Work task:
The answer must be the data, repeated exactly.

Dataset content:
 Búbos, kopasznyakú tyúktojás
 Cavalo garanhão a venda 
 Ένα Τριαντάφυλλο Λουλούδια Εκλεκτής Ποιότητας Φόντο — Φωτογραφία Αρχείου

Your response:
 Búbos, kopasznyakú tyúktojás
 Cavalo garanhão a venda 
 Ένα Τριαντάφυλλο Λουλούδια Εκλεκτής Ποιότητας Φόντο — Φωτογραφία Αρχείου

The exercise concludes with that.